Beasley has the hothand. why not run some plays through him?


----------



## ChrisRichards (Jul 17, 2007)

beasssleeeyy


----------



## myst (Feb 22, 2006)

As bad as Magloire is, he can teach JO a thing or two about being aggressive.


----------



## Adam (Jan 28, 2003)

myst said:


> As bad as Magloire is, he can teach JO a thing or two about being aggressive.


And rebounding.


----------



## PoetLaureate (Feb 8, 2009)

Beasley made a good play there getting Chalmers the open shot. It was a little slow but you could see him turn his head, recognize the situation, and drive specifically to draw the double and kick it out. His court awareness is definitely improving.


----------



## Smithian (Apr 3, 2006)

Lucky long rebound... I'll take it.


----------



## Wade2Bosh (Mar 31, 2004)

myst said:


> As bad as Magloire is, he can teach JO a thing or two about being aggressive.

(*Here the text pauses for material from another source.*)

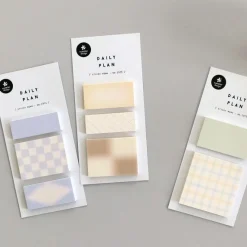 Pastel Calm Grid Sticky Note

Forget JO, he's probably not gonna learn much at this stage. But I hope Beasley is taking notes.


----------



## Smithian (Apr 3, 2006)

We're getting their frontline in foul trouble again.

God, I love JO. It is nice having a real big man again. With Beasley starting next year and Moon at the 3, our frontline won't be half bad after starting this year with Diawara/Marion-Haslem-Anthony.


----------



## Wade2Bosh (Mar 31, 2004)

JJ for 33333

Nice kick out by JO


----------



## IbizaXL (Sep 21, 2005)

good pass by jermaine to Jones!


----------



## Wade2Bosh (Mar 31, 2004)

Another sweet pass by JO to Beasley


----------



## Smithian (Apr 3, 2006)

Man, this team is fun to watch when running their offense.


----------



## IbizaXL (Sep 21, 2005)

Beasley baby! why does Spoo continue to suppress this guy with his minutes?


----------



## UD40 (May 12, 2005)

JO & B-Easy have been very impressive this game.


----------



## Adam (Jan 28, 2003)

Lol Doc's joke. "Second best player out of Marquette..."


----------



## IbizaXL (Sep 21, 2005)

Smithian said:


> Man, this team is fun to watch when running their offense.


when they run textbook basketball offense--yes. when they run Spoo offense--no.


----------



## UD40 (May 12, 2005)

The '93 Heat said:


> Lol Doc's joke. "Second best player out of Marquette..."


I got a laugh out of that too lol.


----------



## Smithian (Apr 3, 2006)

Once we put the subs in and intensity increased, our defense looks very good. Ibiza, we're lucky to have Spoelstra, as much you dislike them. So many teams in this league switch coaches every 3 years and we now have a home grown product who should be around for a good while.


----------



## Wade2Bosh (Mar 31, 2004)

DQ for 333333

Heat lead


----------



## UD40 (May 12, 2005)

JO is looking 2006 JWill out there with these passes.


----------



## IbizaXL (Sep 21, 2005)

penetrate and dish. shoot open 3. IN!


----------



## PoetLaureate (Feb 8, 2009)

JO is so awesome


----------



## Adam (Jan 28, 2003)

:curse: Are you kidding me right now Haslem?! You just stepped out on Rondo on the screen 25 feet from the basket?!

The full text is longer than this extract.